PROMPT: All lines below between the line with "Paella pan lid" and the line with "Mercedes-Benz GLE 350", including both, must be copied exactly, and the pictures must be omitted.

MATERIAL SHOWN:

####################

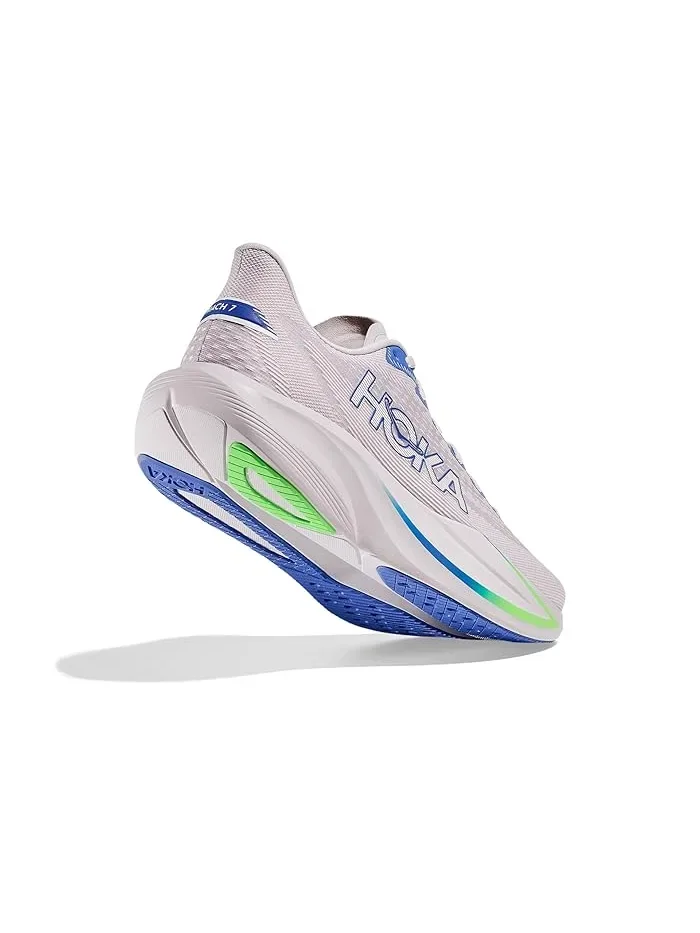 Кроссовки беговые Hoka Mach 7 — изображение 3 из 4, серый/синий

####################

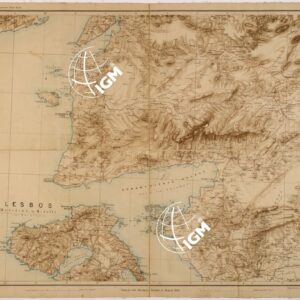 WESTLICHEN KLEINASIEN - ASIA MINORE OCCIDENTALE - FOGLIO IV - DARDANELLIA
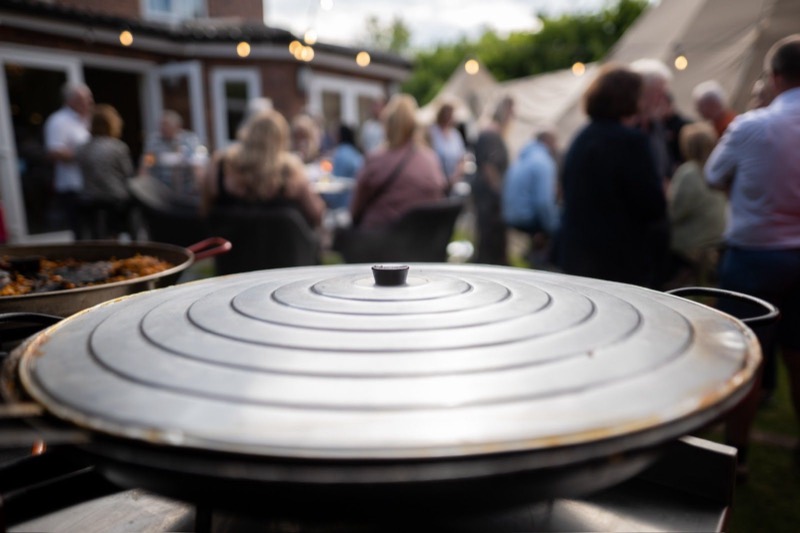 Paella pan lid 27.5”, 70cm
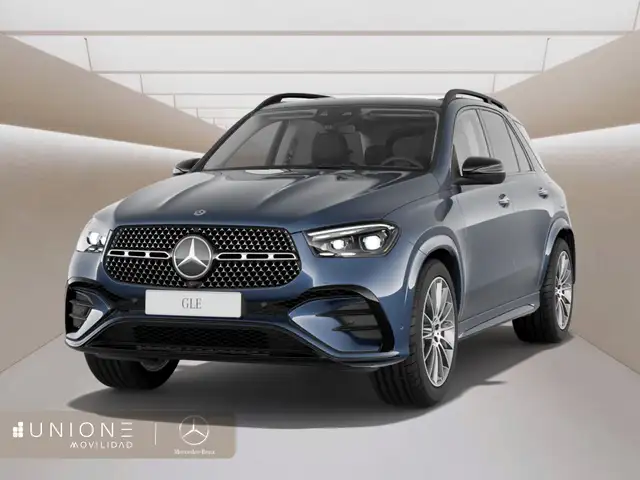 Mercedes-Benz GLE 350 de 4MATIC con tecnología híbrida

####################

ANSWER SPACE:
 Paella pan lid 27.5”, 70cm
 Mercedes-Benz GLE 350 de 4MATIC con tecnología híbrida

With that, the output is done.